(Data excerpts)
++++++++++++++++++++

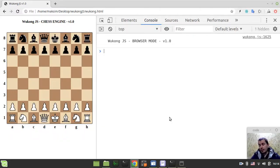Hey, what's going on guys. In this video I would like to demonstrate how critical move ordering is in the chess engine that relies on alpha-beta search.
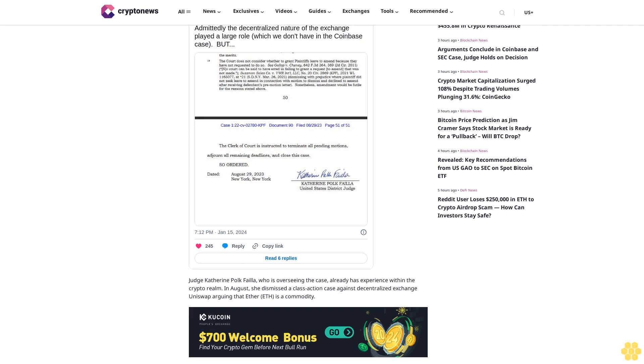Judge Katherine Polk Failla, who is overseeing the case, already has experience within the crypto realm. In August, she dismissed a class action case against decentralized exchange Uniswap, arguing that Ether (ETH) is a commodity.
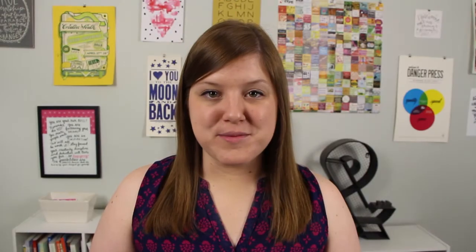And lastly we have Pablo. Pablo is super simple. All you can do is upload an image and put text on it, so if you're not needing to design any other pieces besides social media graphics, this is the tool for you.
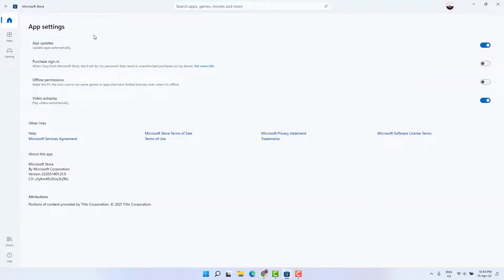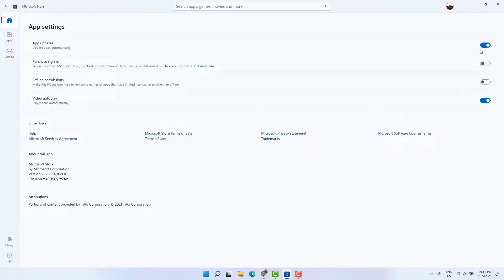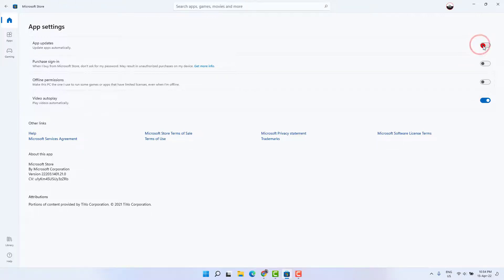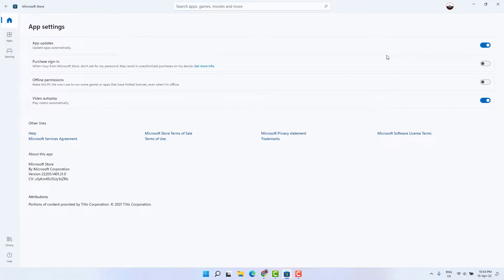In App Settings, you'll see an option that says App Updates. Apps update automatically - by default it might be turned on. If you want to enable it, simply turn it on. If you want to disable it, simply turn it off.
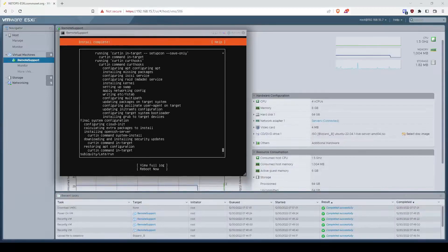We're going to install MeshCentral on an Ubuntu server running 22.04. I have it running from ESXi, but you can run it from Proxmox or whatever you prefer.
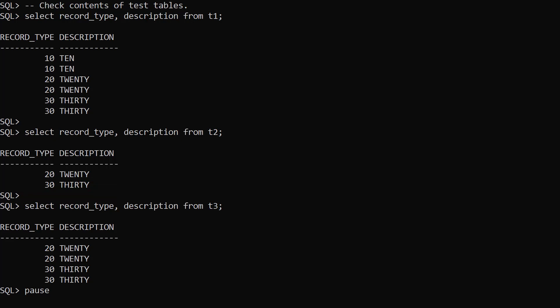In the T3 table we have two rows of record type 20, and two rows of record type 30. There are no rows with record type 10.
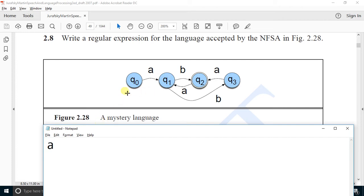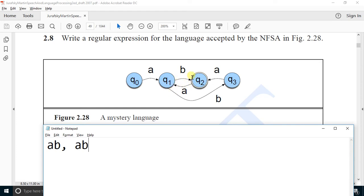If the input is 'a', we move to state q1 and the word is accepted. Similarly, if the input is 'a', we move to state q2 and the word is accepted. And again, if the input is 'a b a b a b a b...', this pattern will also be accepted. From here we have figured out a pattern that is legal for this language.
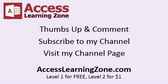Be sure to subscribe to my channel, visit my channel page and of course if you want to learn access from the ground up visit my website accesslearningzone.com. You can watch level one for free which is also on YouTube. Three hours of beginner lessons completely free and if you like that level two is just one dollar. So thanks and I hope you enjoyed.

++++++++++++++++++++

**EXERCISE REQUIREMENTS:** Please transcribe exactly the part of the records that opens with the line containing "And lastly we" and closes with the line containing "If the input is 'a', we move to state q1", both ends included, and leave out the pictures.

**ANSWER SPACE:**
And lastly we have Pablo. Pablo is super simple. All you can do is upload an image and put text on it, so if you're not needing to design any other pieces besides social media graphics, this is the tool for you.
In App Settings, you'll see an option that says App Updates. Apps update automatically - by default it might be turned on. If you want to enable it, simply turn it on. If you want to disable it, simply turn it off.
We're going to install MeshCentral on an Ubuntu server running 22.04. I have it running from ESXi, but you can run it from Proxmox or whatever you prefer.
In the T3 table we have two rows of record type 20, and two rows of record type 30. There are no rows with record type 10.
If the input is 'a', we move to state q1 and the word is accepted. Similarly, if the input is 'a', we move to state q2 and the word is accepted. And again, if the input is 'a b a b a b a b...', this pattern will also be accepted. From here we have figured out a pattern that is legal for this language.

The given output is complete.